On the flipside of all this, celebrities whose careers had faded through the years found themselves using the same processes to win back a little of the bright lights they thought were lost. Celebrity versions of Big Brother, Fame Academy and others made it acceptable to strip celebrities of most of their charm as a ‘payback’ for their desperation to return into the centre of people’s attention. They danced, sang and wandered around naked for the benefit of nobody but their own attempts to make it again in the changed celebrity world. This new reality, fed by and made for reality television, made celebrities as hungry for fame as the ordinary people who wanted more than a quiz show first prize.

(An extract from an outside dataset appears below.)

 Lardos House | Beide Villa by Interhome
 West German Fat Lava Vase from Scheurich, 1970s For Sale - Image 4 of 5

The extreme conclusion of this is ITV’s “I’m a Celebrity, Get Me Out of Here”, the natural consequence for the urgency with which faded celebrities wanted coverage in the tabloids. ITV couldn’t have known  just how far they could push famous people to do whatever they asked. Insects were eaten, dung was swam through, flesh was revealed and dignities were prostituted. As long as office workers could guffaw on Monday morning about a has-been crunching on spiders, then the production team had done their job.

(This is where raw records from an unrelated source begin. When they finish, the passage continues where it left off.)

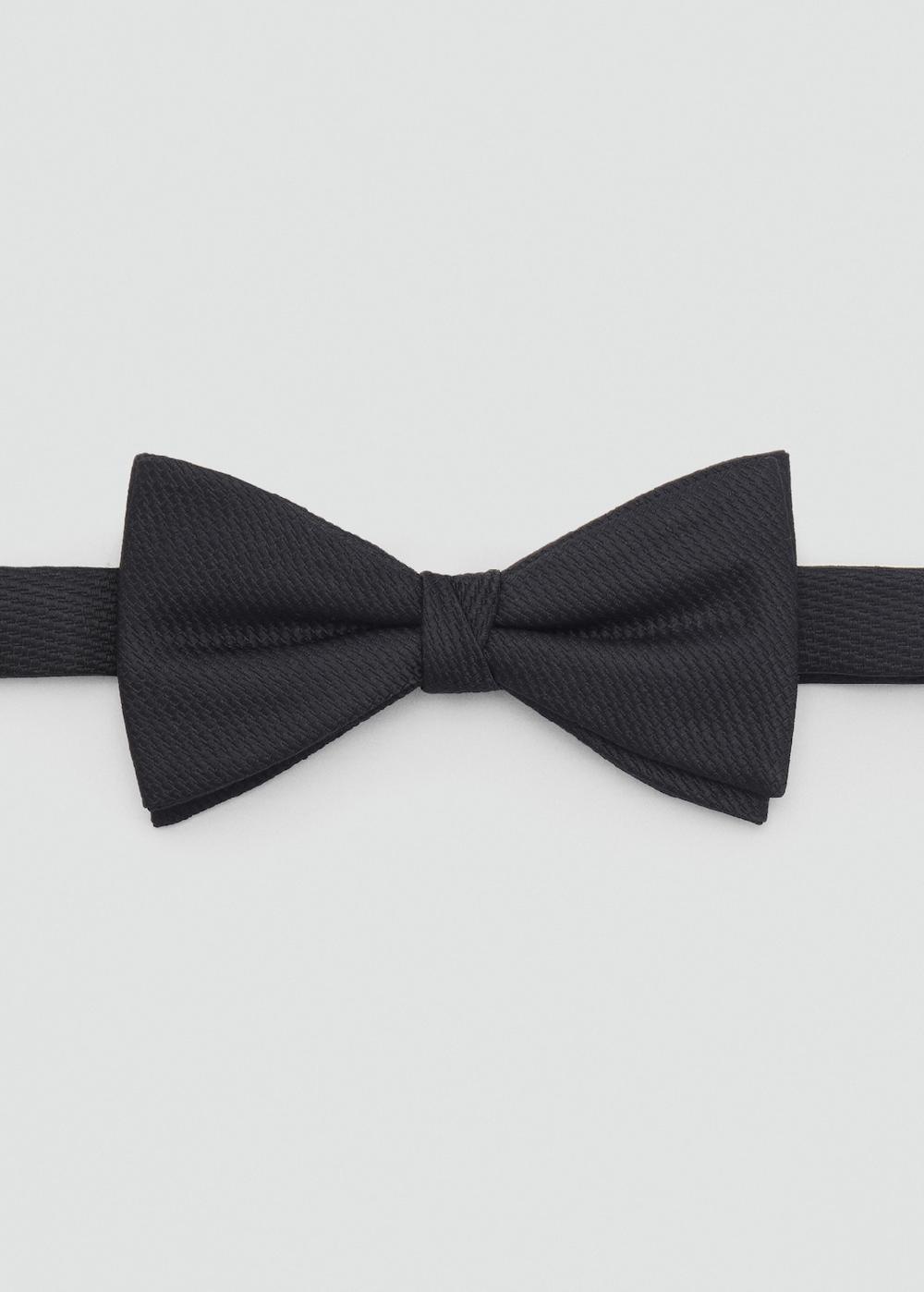 Mango Papillon classico microstruttura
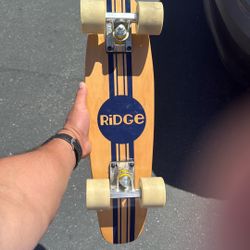 Ridge Mini Skate Board 
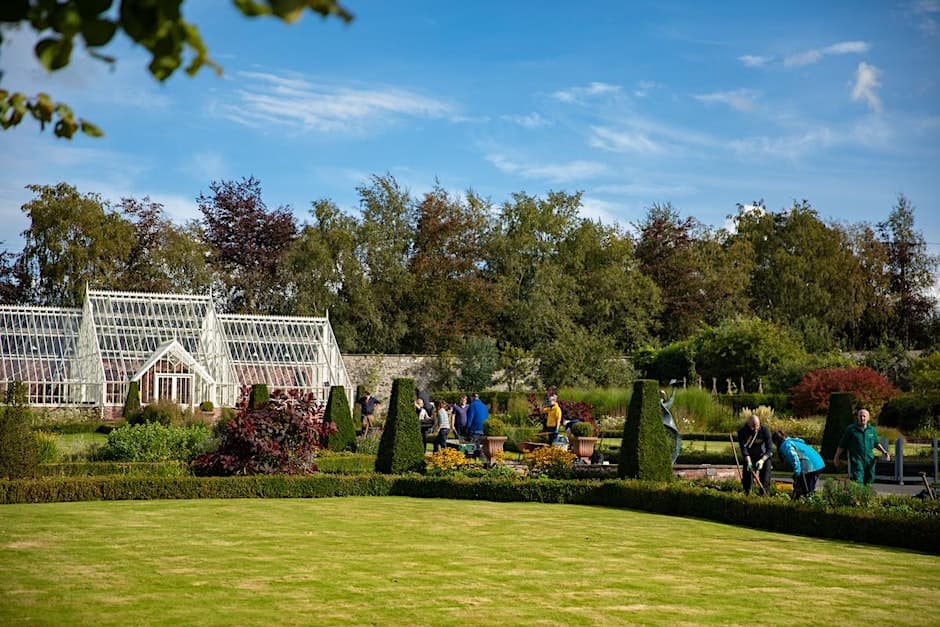 Horticulture Courses Open Day: Wednesday 7th October, 10.30am, 6pm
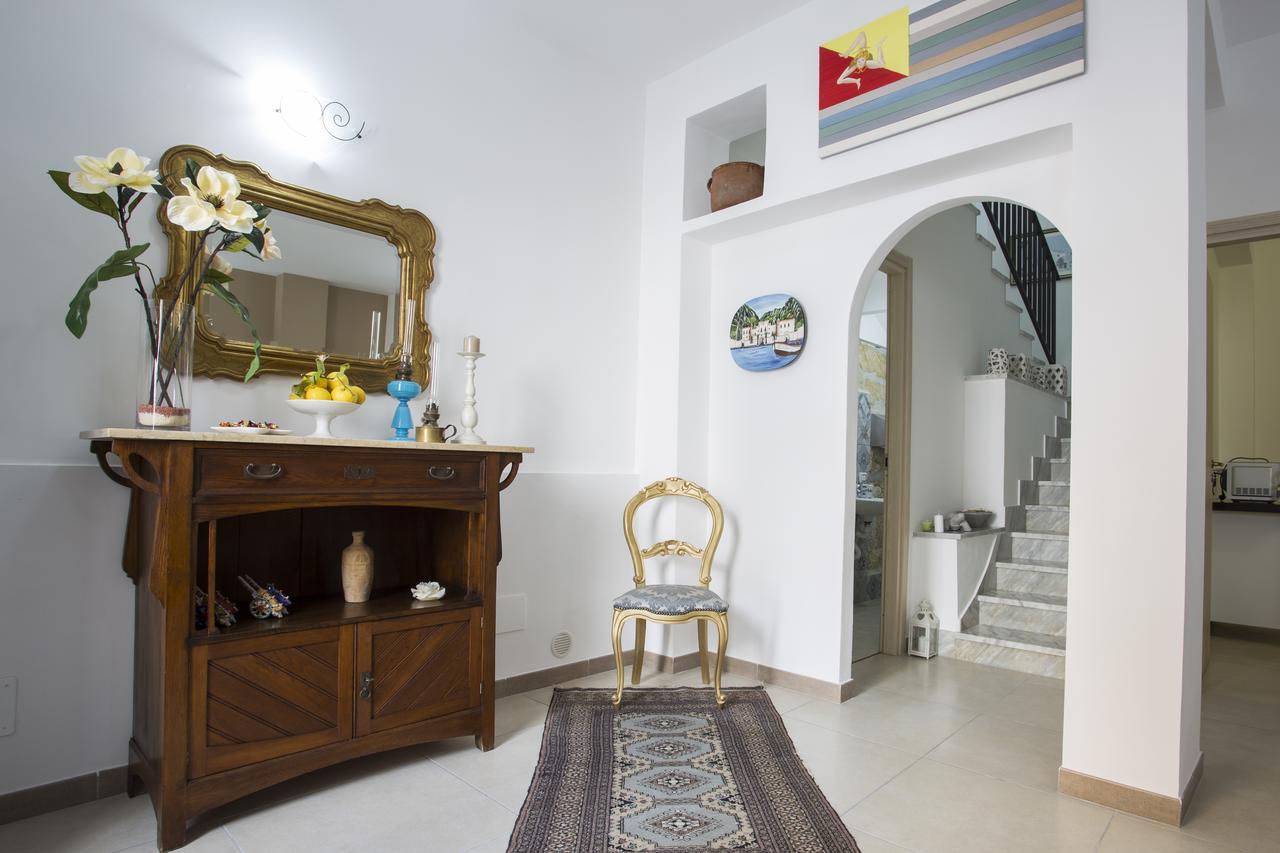 B&B Cinisi Mare E Monti Extérieur photo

Viewing figures for “I’m a Celebrity…” topped 16 million people. That’s one of the highest viewing figures on British television, far over-shadowing the viewing numbers for most soaps. Up with other ITV stables such as “The X-Factor” and its predecessor “Pop Idol”, it’s a huge success story for advertisers, producers and celebrities alike.

Nadine Dorries is not a celebrity by many definitions of the term. She’s a member of parliament, representing the constituency of Mid Bedfordshire. At the 2010 election, just shy of 29,000 people voted for her to represent them, over 50% of those who voted. Those 29,000 people probably knew before hand that Nadine was a controversial and divisive figure. Her provocative views on abortion law reform has set her apart from many Conservative MPs. Perhaps most infamously, she attempted to take through the Commons an “abstinence Bill”, an old-fashioned, out-dated “won’t somebody think of the children” legislation.

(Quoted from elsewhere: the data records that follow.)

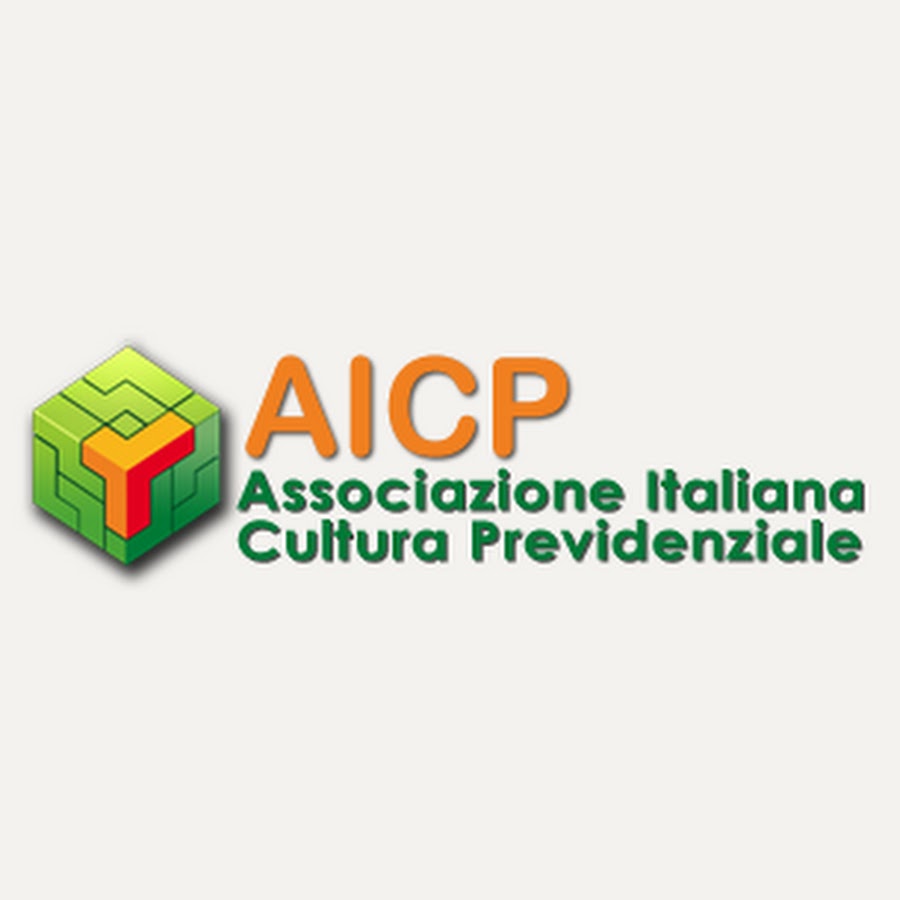 Aicp Associazione Italiana Cultura Previdenziale YouTube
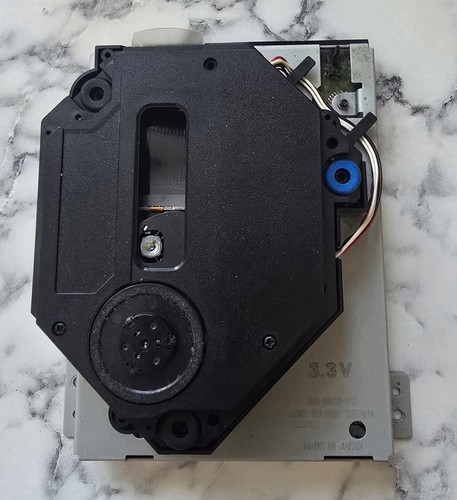 Sega dreamcast disc - dreamcast, drive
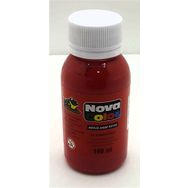 Nova Color 100 ml Kırmızı Akrilik Boya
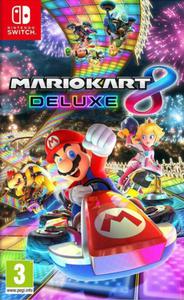 Mario Kart 8 Deluxe - 2862404126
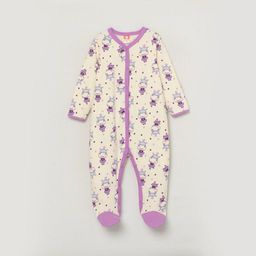 CRB wear/CWNG 90041-21-281 Комбинезон для девочки, экрю/Ex.Cherubino  фото 4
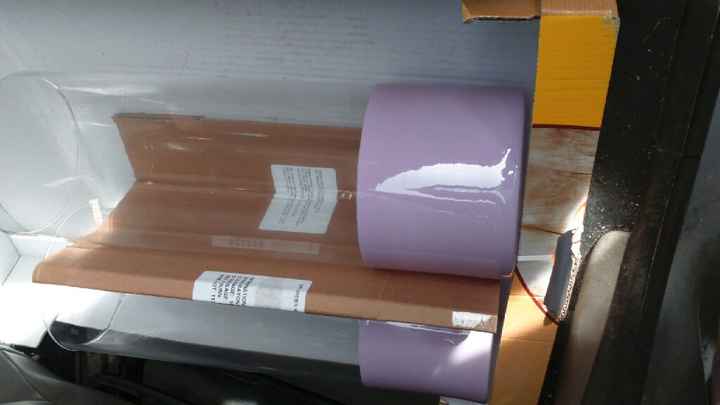 Contente de ma trouvaille au vide grenier - 1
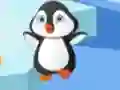 Spil Baby Penguin Coloring online
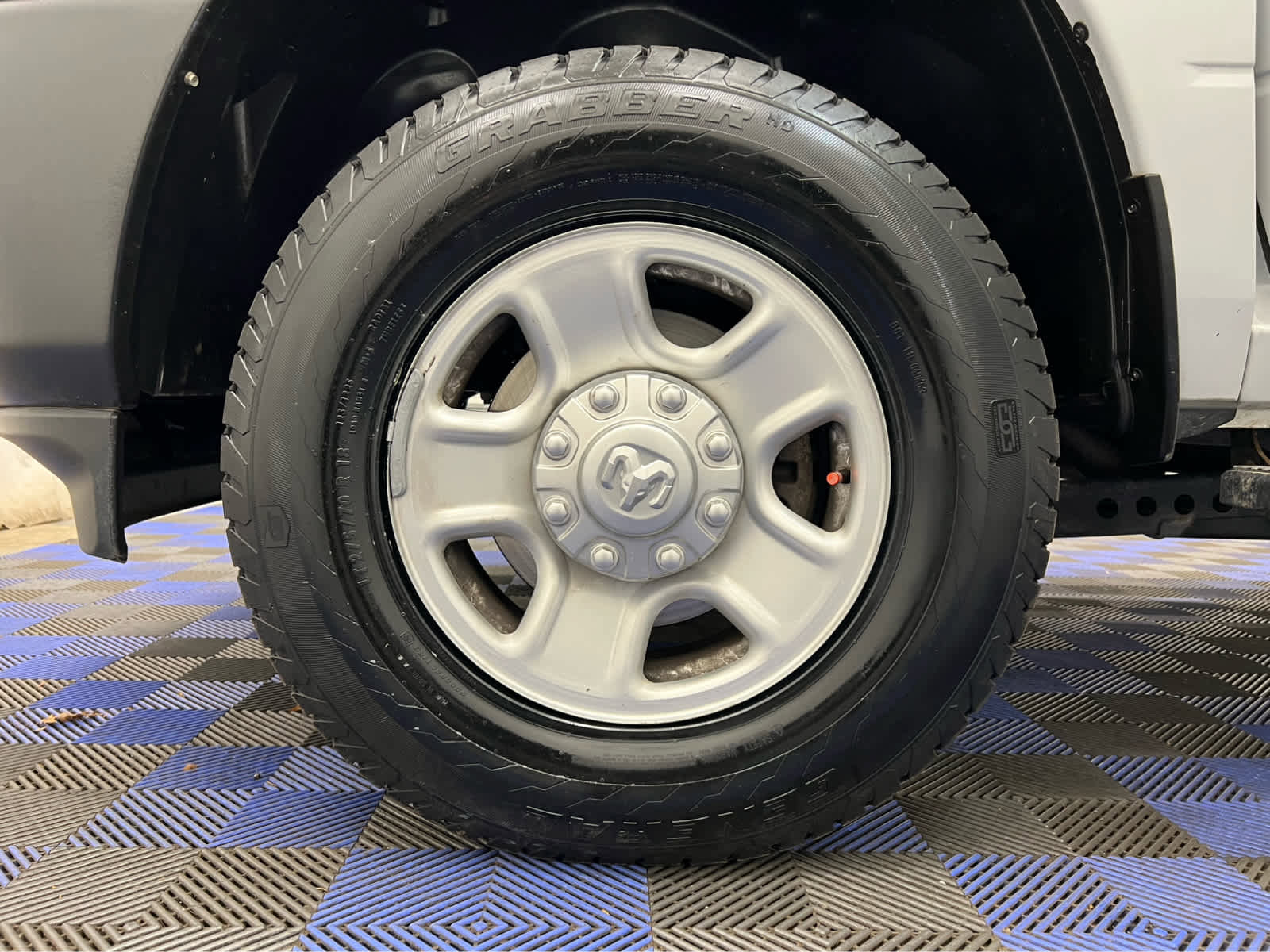 Used 2023 RAM 2500 Tradesman w/ Snow Chief Group image 12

She justifies taking a televised holiday in Australia to eat  kangeroo anus because politicians are considered out of touch, and that a potential audience of 16 million people want to be taught by her. She believes ITV would allow her to talk about abortion reform law. She could not be more wrong, and goodness knows she has been wrong plenty of times in her career. She’s misunderstood the point of a prime-time reality show if she thinks long speeches about abortion law would be shown amongst shots of models and pop stars camped around a bonfire. She’s misunderstood the point of prime-time reality programmes entirely if she thinks politicians can appear without production choices making them look embarrassing.

This isn’t to say that we should keep MPs on BBC Parliament and pop stars on ITV1. There is a need to make politics and politicians relevant to people today, especially young people. Nadine Dorries can speak about getting her fingernails dirty all she likes; the role of an MP is not to appear on a phone-in reality show where producers have all the power. With Parliament currently sitting, laws are being debated and voted on, and alongside those MPs from Sinn Féin who refuse to take their seats, Nadine Dorries is deliberately absent. That’s not a responsible act from an MP however you measure it.

I’m not against MPs getting out into the real world, but “I’m a Celebrity…” is not reality. Getting an MP to be a bin man for a week or sit in A&E is just as ‘finger nail dirtying’ as anything Nadine pretends will happen whilst being filmed eating a cockroach with a Page 3 model, and it’s more likely to produce something approaching respect with voters.

I doubt watching Nadine eating an arse rather than talking out of one will bring her into a new light. It won’t win her respect as an MP who is taking a holiday on full pay because she feels that nobody is listening to her on Question Time. Already semi-detached amongst her colleagues, the natural conclusion from her jaunt is a permanent exclusion from the Conservative Party. If she wanted to do the decent thing, her next job will be in the Chiltern Hundreds.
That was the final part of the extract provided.